現代音楽というだけで、アレルギー反応をおこしてしまう人も多いと思います。でも、そんなことを言わずにだまされたと思って聞いてみてちょうだい。というのが、このページの主旨です。
 といっても、外人さんの超アヴァンギャルドかつ超芸術的な体育会系ノリの曲は、わたしにとってもつらいものがあります(^^)。そこで......、肉食の外人さんとはちょっと違う日本人の作曲した情緒あふれる名曲のいくつかを紹介します。
 ちなみに、わたしはけっしてクラシックおたくではありません。小学校時代にピアノ教師から破門を言い渡され、中学校・高校時代はヘビメタ小僧(当時はハードロックなどど言った。)。大学時代はJazz、FusionのバンドでKeyboadを担当しておりました。むしろ、素人です。あしからず。
クラシックの本格的なページをお探しの方は、是非森さんのページへ行ってみてください。

大好きな矢代秋雄についてはこちらにまとめてあります。

 


独断的なおすすめ


  1. 武満 徹:系図(1992) - 若い人たちのための音楽詩 -(語りとオーケストラのための)
    Family tree - musical verses for young people
    <-現代音楽であるという先入観は捨てて聴いて下さいね!!! 変な表現だけど、まるで気持ちのいい映画をみているような曲です。
    • 演奏:小澤征爾(cond.)、遠野凪子(語り)、御喜美江(アコーディオン)、サイトウ・キネン・オーケストラ、録音:1995.9.7,9(長野県松本文化会館)
      レーベル:PHILIPS(2500円)
      • 武満 徹(1930-1996)がニューヨーク・フィルハーモニックの創立150周年を記念して委嘱された作品。同氏の作品の中ではもっともわかりやすいの一つ曲です。遠野凪子さんの語り、----「むかしむかしわたしがいた。すっぱだかでめをきょろきょろさせていた。いまのたいようとおなじたようが、あおぞらのまんなかでぎらついていて、いまのかぜとおなじかぜがくさのうえをさあっとふいてきた....」---は泣ける。すべてがひらがなだけで書かれた谷川俊太郎氏の詩集「はだか」(筑摩書房刊、1988年)からのの6つの詩の朗読とオーケストラ演奏、「むかしむかし」「おじいちゃん」「おばあちゃん」「おとうさん」「おかあさん」「とおく」の6曲からなる。
      • 1995年4月20日、サラ・ヒックスの語り、レナード・スラットキン指揮ニューヨーク・フィルハーモニックで世界初演。放送初演は岩城宏之指揮NHK交響楽団。日本語版舞台初演は1995年9月7日、サイトウ・キネン・フェスティヴァルで。
      • 1997年6月、NHK交響楽団の定期演奏会でシャルル・デュトアの指揮で演奏された。車の中で中継を聴いて感動。すぐにCDを求めた。このCDは、武満徹の追悼盤で、他に、エア(フルートのための)、エクリプス(蝕)、ノヴェンバー・ステップス、弦楽のためのレクイエムも収録されている。「私の大切な友人であり、日本が世界に誇る作曲家・武満徹氏の早すぎる死は残念で残念でたまりません。この追悼盤の演奏を武満さんの霊に捧げたいと思います。
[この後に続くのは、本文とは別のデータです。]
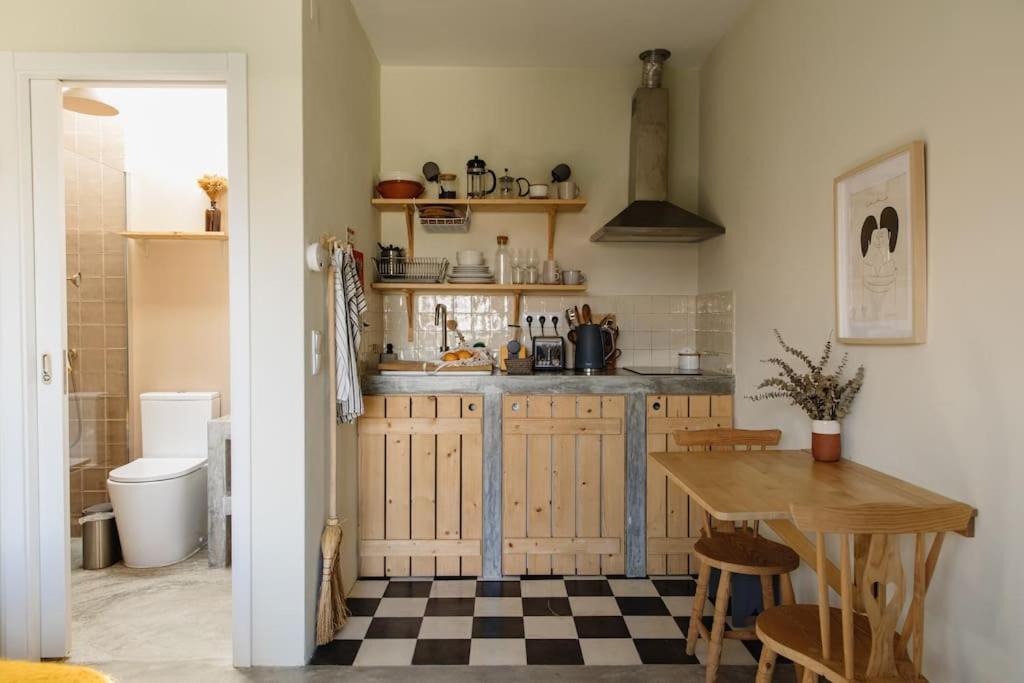 בית הארחה Casais Brancos 	Casa Da Aldeia - Small House -Terra - Peniche - Baleal מראה חיצוני תמונה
」とある。


  2. 矢代秋雄:ピアノ協奏曲(1967)
    • 演奏:岩城宏之(cond.)、中村紘子(p.)、NHK交響楽団、録音:1968.5.30、レーベル:DENON COCO-78444(2000円)
    • 演奏:若杉 弘/外山雄三(cond.)、中村紘子(p.)、東京都交響楽団/NHK交響楽団、録音:1977/1982(二種の録音)、レーベル:CBS/SONY 28DC5068(2800円)
    • 演奏:佐藤功太郎(cond.)、舘野 泉(p.)、東京都交響楽団、録音:1992.1.25(東京文化会館ライブ録音)、レーベル:fontec F0CD3303(3000円)
    • 演奏:湯浅卓雄(cond.)、岡田博美(p.)、アルスター管弦楽団、録音:2001.6、レーベル:ナクソス(8.555351J)最新版・注目!!
      • 矢代秋雄(1929-1976)、37歳のときの作品。あのオリヴィエ・メシアンに師事した人なんですよ。前衛的な要素もある程度あるのですが、不協和音・変拍子のかたまりではなく非常に聴きやすい曲です。(すみません。後日スコアをみると実は変拍子・不協和音の固まりでした。そう聞こえない所がスゴイと思います。)こんないい曲は外人さんには書けないでしょう。3楽章構成で25-6分の曲です。1996年3月25日に舘野 泉(p.)、佐藤功太郎(cond.)、東京都交響楽団の新録がでました(fontec F0CD3303)。
      • 1996年4月13日 fontecの新録買いました。こいつはいい。いままでのベスト盤じゃなかろうか?(といっても、3種類の録音しかなかった。)。録音も良いし、新しく購入する人はコレにして下さい。チェロ協奏曲もカップリングされてます。なお、ライナーノートによれば、この曲は従来リストの影響があると言われていたとありますが、そんなバカなことを言っちゃあいけませんぜ。バーバーにちょっと似たところがあるような気もしますが、やっぱり本質的には誰にも似ていない=全て矢代秋雄の音楽です。
      • CDを買いに行って店員さんに、「ヤシロアキオのCDありませんか?」と訪ねたら、演歌の「ヤシロアキ」コーナーにつれて行かれた。八代亜紀も悪くはないけどさ。
      • ポケットスコア出ています。音楽之友社 OGT305(ISBN4-276-91868-5) 2200円です。スコアを見ながらCDを聞くのも一興です。ピアノパートはたいへん難しくてこれを弾くのは人間業とは思われません(自分で弾こうとしてあえなく挫折)。
      • 2001年5月6日 ナクソスの新録買いました。これはまたいままでの録音とは全然解釈が違いました。早めのテンポで流れるように演奏されます。出だしの緊張感はすごいものがあります。名曲の交響曲(1958)とのカップリングでなんと720円。絶対に買いであります!!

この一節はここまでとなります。